A metal benchmark disk. This one is at Battery Cooper near Fort Pickens at the entrance to the harbor of Pensacola, FL.

Geocaching gets all the press these days but there are other stashing games and some of them have been around longer than geocaches.  This little disk is a benchmark.  Basically it is a survey point that was used in the days before GPS.  Surveyors and map makers established these as verified accurate positions using both a physical description and latitude/longitude. Benchmarks come in various forms and have been around for over 200 years.  Church steeples and water tanks are often used as benchmarks. Every benchmark has a detailed written description somewhere in the halls of government. These descriptions tell exactly where to find the benchmark, how to get there, what it looks like and what’s nearby. Then along came GPS, which altered the whole structure of benchmarks and gave us something else to hunt.

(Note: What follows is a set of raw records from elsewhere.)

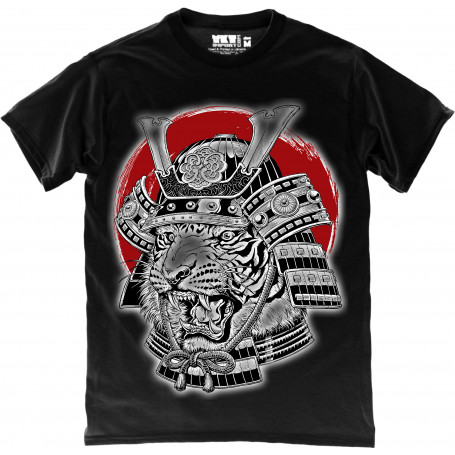 Tiger Samurai in Black T-Shirt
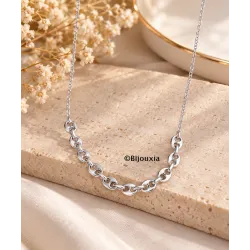 Collier Chaîne Maillons Grains de Café En Argent Massif 925/1000 Rhodié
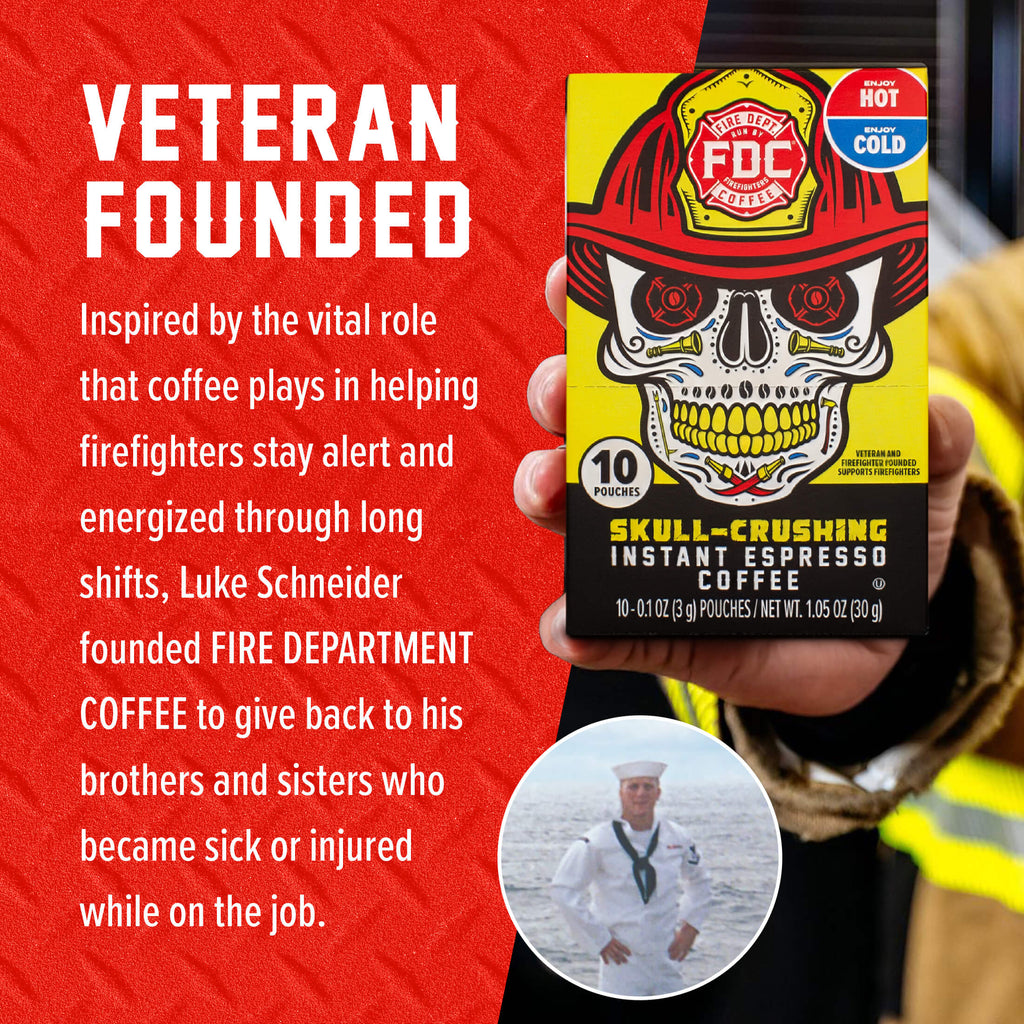 Skull-Crushing Instant Espresso Coffee box beside the Fire Department Coffee founder story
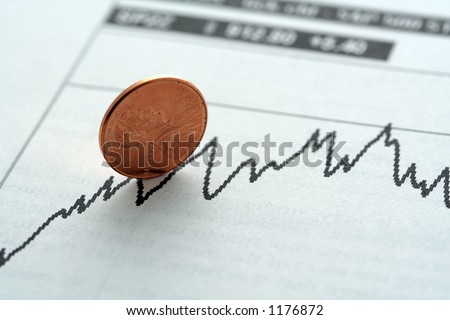 Stock graph with upward trend, symbolized with a penny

Geocaching dot com has compiled thousands of benchmarks along with their descriptions and GPS coordinates.  You can hunt for them just like a geocache. Keep these things in mind.  1) You may find yourself looking for a BM that’s no longer there 2) It may be on private property,  in the middle of terrible terrain or otherwise inaccessible. 3) If you are running up the numbers for your geocache count, benchmarks don’t count towards the total. 4) GPS positions can be off, so you have to also rely on the detailed physical description. Nevertheless, benchmark hunting is challenging and fun.  We do it as a diversion and an add on. It also has the advantage of giving you things to hunt where geocaches are not allowed, such as the national parks.  Most bridges have benchmarks.  So do lookouts, tunnels, peaks, monuments and other assorted structures and features. To log a benchmark, take a picture of it and log it in your geocaching dot com account.